毛
昨日、ふと鏡をみて気づいた。毛が薄くなってきている。言わずもがな頭部の毛のことである。
男はハゲ、女は貧乳の呪われし一族の末裔たる私。いずれこうなることはわかっていたのでそれ自体にショックは受けない。むしろ我が一族はハゲてやっと一人前。未開の部族のバンジージャンプみたいなものである。ちなみに貧乳はすでにクリア済み。若いころに女性ホルモン入れても微動だにしなかった。これが選ばれし血筋の力である。
ただひとつ納得がいかなかったのが『ハゲる方向性』だ。
世には星の数ほどのおハゲ様がいらっしゃり、そのハゲっぷりも千差万別、まさに多様性の宝庫である。上から放射状におハゲになる方もいらっしゃれば、おでこからせりあがられる方、サイドから切れ込んでいかれる方もおられる。
私はどうやら、『おでこからせりあがる』と『サイドから切れ込む』のダブルで進行するタイプのようだ。よくばりバリューセットである。よくばりハゲなんて運命を背負わされるのならば、身体だってよくばりワガママボディにしてくれればよかったのにと神を恨んだ。
よくばりバリュー的にハゲていく。つまり毛沢東的ハゲになることが確定した。
こんな感じ。
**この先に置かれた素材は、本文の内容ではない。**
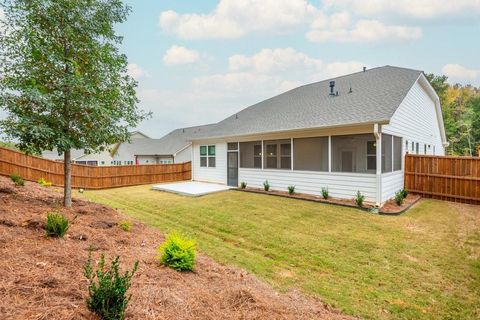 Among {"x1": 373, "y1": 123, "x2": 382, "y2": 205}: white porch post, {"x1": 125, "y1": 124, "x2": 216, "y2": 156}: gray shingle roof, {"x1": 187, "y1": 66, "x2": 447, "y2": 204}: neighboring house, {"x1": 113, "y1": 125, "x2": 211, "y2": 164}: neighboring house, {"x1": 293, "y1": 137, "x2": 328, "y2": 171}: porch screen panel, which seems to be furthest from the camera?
{"x1": 125, "y1": 124, "x2": 216, "y2": 156}: gray shingle roof

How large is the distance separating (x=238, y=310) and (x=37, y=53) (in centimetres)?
587

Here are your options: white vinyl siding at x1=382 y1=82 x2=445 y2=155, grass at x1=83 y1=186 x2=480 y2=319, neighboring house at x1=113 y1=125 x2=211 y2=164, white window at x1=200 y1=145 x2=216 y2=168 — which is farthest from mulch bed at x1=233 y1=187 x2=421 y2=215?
neighboring house at x1=113 y1=125 x2=211 y2=164

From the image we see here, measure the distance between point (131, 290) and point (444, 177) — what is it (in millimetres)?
11799

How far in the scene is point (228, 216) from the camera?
25.0 ft

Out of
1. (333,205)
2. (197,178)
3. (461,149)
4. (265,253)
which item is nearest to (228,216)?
(265,253)

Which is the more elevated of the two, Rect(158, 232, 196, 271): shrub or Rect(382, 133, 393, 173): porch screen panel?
Rect(382, 133, 393, 173): porch screen panel

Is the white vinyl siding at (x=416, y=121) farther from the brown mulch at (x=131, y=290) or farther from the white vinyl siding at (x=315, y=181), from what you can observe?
the brown mulch at (x=131, y=290)

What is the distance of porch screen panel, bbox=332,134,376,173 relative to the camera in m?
9.73

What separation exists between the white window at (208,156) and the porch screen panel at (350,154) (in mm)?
7482

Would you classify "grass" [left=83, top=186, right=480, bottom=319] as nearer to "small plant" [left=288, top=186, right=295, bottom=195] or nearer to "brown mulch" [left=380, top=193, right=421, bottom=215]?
"brown mulch" [left=380, top=193, right=421, bottom=215]

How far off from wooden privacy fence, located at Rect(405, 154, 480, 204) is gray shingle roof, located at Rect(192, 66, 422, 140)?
3.12 m

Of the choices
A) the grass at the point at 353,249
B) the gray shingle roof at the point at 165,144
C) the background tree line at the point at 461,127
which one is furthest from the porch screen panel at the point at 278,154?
the background tree line at the point at 461,127

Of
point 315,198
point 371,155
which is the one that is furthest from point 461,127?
point 315,198

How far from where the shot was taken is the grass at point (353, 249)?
345 centimetres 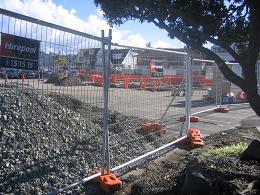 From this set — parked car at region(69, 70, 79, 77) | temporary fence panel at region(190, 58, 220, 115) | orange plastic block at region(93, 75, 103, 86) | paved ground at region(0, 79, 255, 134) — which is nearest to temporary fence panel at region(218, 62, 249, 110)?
temporary fence panel at region(190, 58, 220, 115)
これがそう遠くない未来の私の御姿である。
毛沢東は中国語ではマオ・ツォードンと読む。ハゲ界隈の大先輩、偉大なる国家主席にあやかって、私もトランスジェンダーとしての通称名を『真希(まき)』から『毛(まお)』に変えるつもりだ。頭部から毛が消えた分、氏名に毛をつける新手の植毛である。
ちなみに上記の似顔絵は、3年前ぐらいに社内の研修資料に使用したくて描いたものだ。他には先代の総書記とかも描いた。
こうやって見返してみると、先代に比べ国家主席の手抜きっぷりが目立つ。たぶん疲れていたんだろう。そして先代はふさふさである。なんと憎たらしい。そして若干、母に似ている。憎さ倍増である。